Não há dúvida de que a qualidade da proximidade entre a Igreja, seus pastores e
pastoras, e o povo que confessa a fé cristã tem sofrido relevante queda. Certamente
que existem fatores culturais e sociais que mudam a todo instante e continuam a
desafiar todos nós. Este desafio de superação dos entraves de uma mais ampla
comunhão de irmãos e irmãs deve ser enfrentado em duas frentes: na vivência
litúrgica comunitária e na relação com as famílias no cotidiano da vida. O arquétipo da
comunidade dos apóstolos deve ser atualizado, mas nunca abandonado (Atos 2:42-47)
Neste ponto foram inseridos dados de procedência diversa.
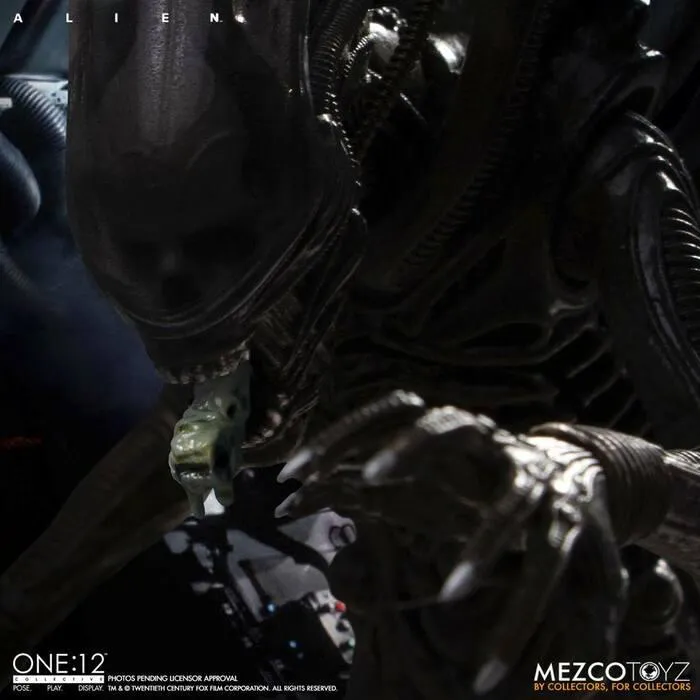 ALIEN - Alien 1/12 Action Figure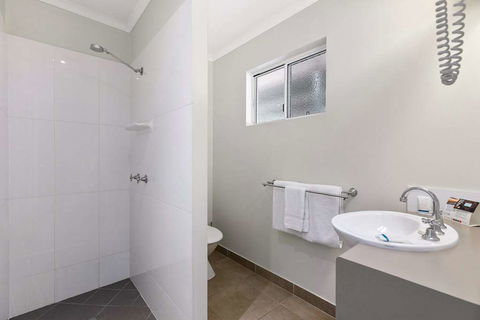 Econo Lodge Beachside - Melbourne Tourism 16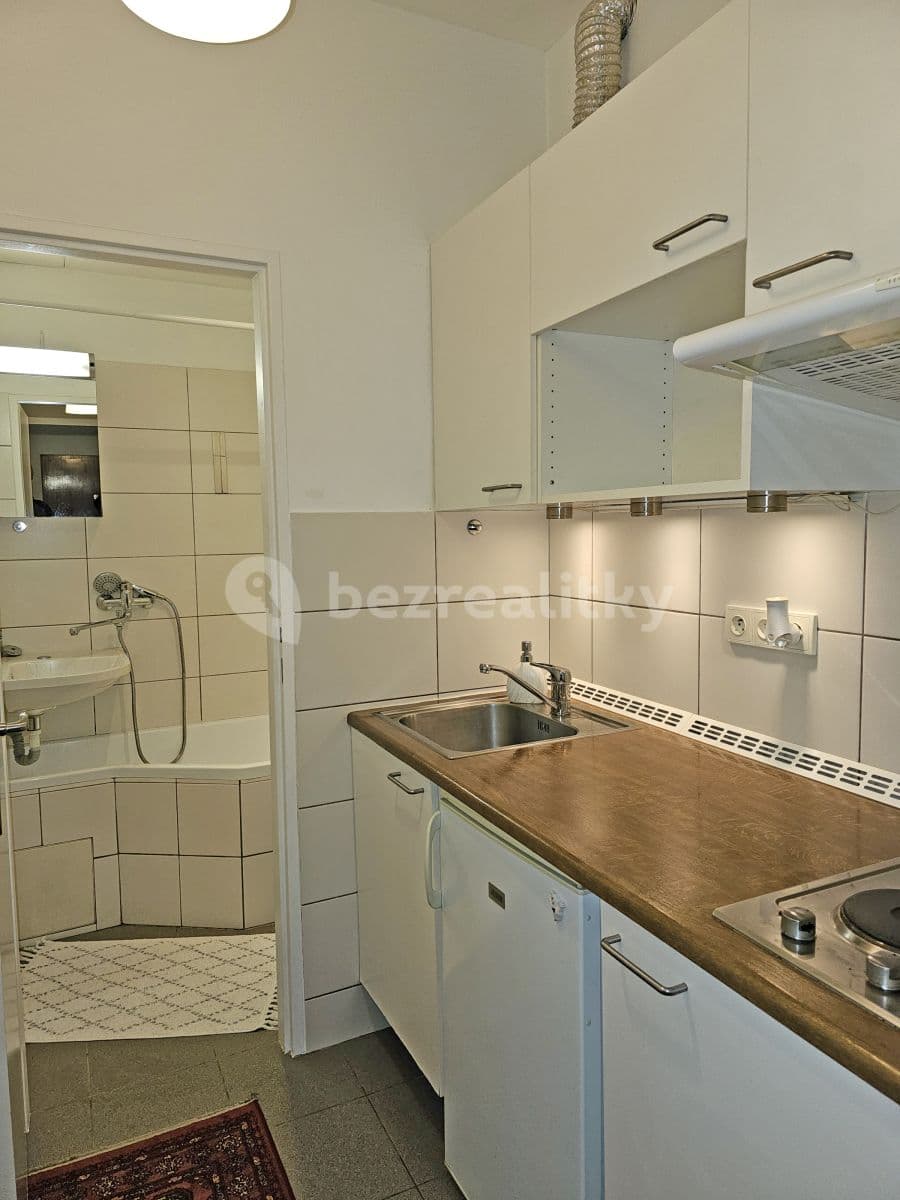 Pronájem bytu 1+kk 27 m², Čajkovského, Praha, Praha Pronájem bytu 1+kk 27 m², Čajkovského, Praha, Praha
Acolhida pressupõe intimidade - Costuma-se dizer que nossa Igreja é acolhedora.
Ao contrário das chamadas igrejas de massa, nossas comunidades tem aquilo de
intimidade entre os membros, com maior proximidade dos ministros ordenados com o
povo. Neste aspecto, isto é verdade em muitas de nossas Paróquias e Missões, mas
também começa a se reduzir em outras. As pessoas não anglicanas que visitam nossas
comunidades em momentos celebrativos muitas vezes se sentem invisibilizadas, como
se estivessem invadindo um espaço privado. Há até situações que entram e saem da
celebração sem sequer ser procuradas por alguém para alcançar a liturgia e os livros
de cânticos. Este é um sintoma que tem sido cada vez mais frequente em nossas
comunidades. Fala-se muito em acolhida, mas o avanço neste campo tem sido muito
tímido.
Entre nós mesmos temos visto atitudes que revelam certa pobreza de acolhimento
mútuo. Até o momento da saudação da paz está se tornando rarefeito e quando
acontece tem sido vivido de maneira muito formal, para se evitar o que se chama a
“quebra” da seriedade litúrgica... Parece que a celebração litúrgica se reveste de uma
2. seriedade tão inflexível que permitir que as pessoas se abracem começa a ser
sutilmente deixada de lado. Pessoalmente acho isto muito estranho, pois o abraço da
paz me parece ser um momento em que podemos estar próximos uns dos outros e
expressarmos pelos nossos corpos e olhares o carinho verdadeiro de uns pelos
outros...
Despedida é envio - Na saída de nossas celebrações parece que a pressa é a tônica.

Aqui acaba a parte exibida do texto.